A U.N.-backed alliance with $9.5 trillion in AUM warns that the entire global economic system is at risk from climate change.




A United Nations-backed group of institutional investors with $9.5 trillion in assets under management is urging public and private asset managers to deliver on ambitious climate strategies, warning that “mitigating climate change is necessary to protect a functioning global economic system.”

In a “call to action” released this week, the Net-Zero Asset Owner Alliance emphasized to the asset management industry that serving clients is only possible through “climate stewardship.” The 88 institutional investors have committed to transitioning their investment portfolios to net-zero of greenhouse gas emissions by 2050. The group includes the California Public Employees’ Retirement System, Canada’s Caisse de dépôt et placement du Québec and the UN’s Joint Staff Pension Fund.

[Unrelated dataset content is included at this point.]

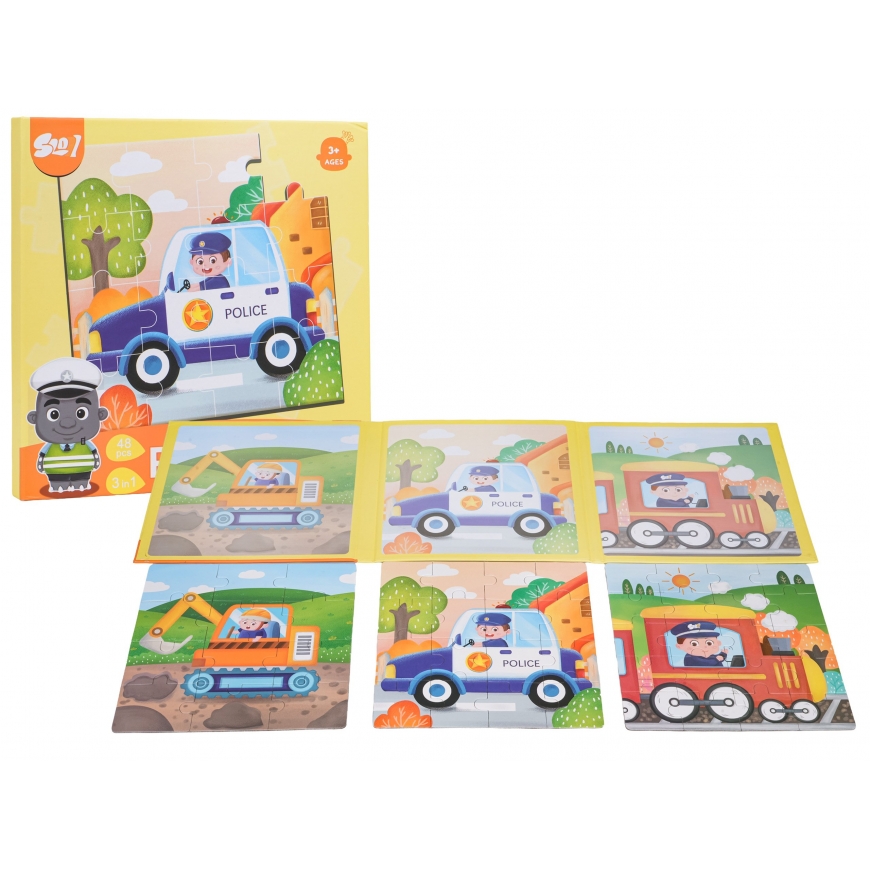 RoGer Magnētiskas Transporta Puzles + Grāmatiņa – 2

The group cites four critical principles it insists asset managers must implement:

  1. Address the systemic risk of climate change to the “entirety of investments and operations;”
  2. Support a consistent, clear and accountable proxy voting landscape for public equities;
  3. Align lobbying activities with the asset manager’s own stated climate-related commitments, as well those of its portfolio companies; and
  4. Ensure that climate engagement is more systematic and transparent.

“Implementing these not only protects the long-term financial interests of both the asset managers and their asset owner clients, but it would also increase the ability of asset managers to win mandates from asset owners committed to net zero, which are growing in numbers,” stated the Alliance in its statement.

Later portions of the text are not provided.